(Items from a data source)
Start of Block
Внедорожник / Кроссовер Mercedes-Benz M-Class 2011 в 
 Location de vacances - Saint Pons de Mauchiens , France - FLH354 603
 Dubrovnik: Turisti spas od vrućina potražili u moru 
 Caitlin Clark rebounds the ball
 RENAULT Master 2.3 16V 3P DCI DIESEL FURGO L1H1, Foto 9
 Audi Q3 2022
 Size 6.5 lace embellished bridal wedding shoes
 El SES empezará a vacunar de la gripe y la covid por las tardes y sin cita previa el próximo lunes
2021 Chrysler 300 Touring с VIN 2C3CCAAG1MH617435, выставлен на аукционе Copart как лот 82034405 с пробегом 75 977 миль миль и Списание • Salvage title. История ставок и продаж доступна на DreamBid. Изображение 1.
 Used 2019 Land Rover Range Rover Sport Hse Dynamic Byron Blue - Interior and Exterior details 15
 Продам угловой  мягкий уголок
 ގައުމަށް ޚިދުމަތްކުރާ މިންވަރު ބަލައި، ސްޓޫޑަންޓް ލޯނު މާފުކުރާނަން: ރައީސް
End of Block
Work instructions = Repeat all of the entries above exactly.

Solved problem =
Внедорожник / Кроссовер Mercedes-Benz M-Class 2011 в 
 Location de vacances - Saint Pons de Mauchiens , France - FLH354 603
 Dubrovnik: Turisti spas od vrućina potražili u moru 
 Caitlin Clark rebounds the ball
 RENAULT Master 2.3 16V 3P DCI DIESEL FURGO L1H1, Foto 9
 Audi Q3 2022
 Size 6.5 lace embellished bridal wedding shoes
 El SES empezará a vacunar de la gripe y la covid por las tardes y sin cita previa el próximo lunes
2021 Chrysler 300 Touring с VIN 2C3CCAAG1MH617435, выставлен на аукционе Copart как лот 82034405 с пробегом 75 977 миль миль и Списание • Salvage title. История ставок и продаж доступна на DreamBid. Изображение 1.
 Used 2019 Land Rover Range Rover Sport Hse Dynamic Byron Blue - Interior and Exterior details 15
 Продам угловой  мягкий уголок
 ގައުމަށް ޚިދުމަތްކުރާ މިންވަރު ބަލައި، ސްޓޫޑަންޓް ލޯނު މާފުކުރާނަން: ރައީސް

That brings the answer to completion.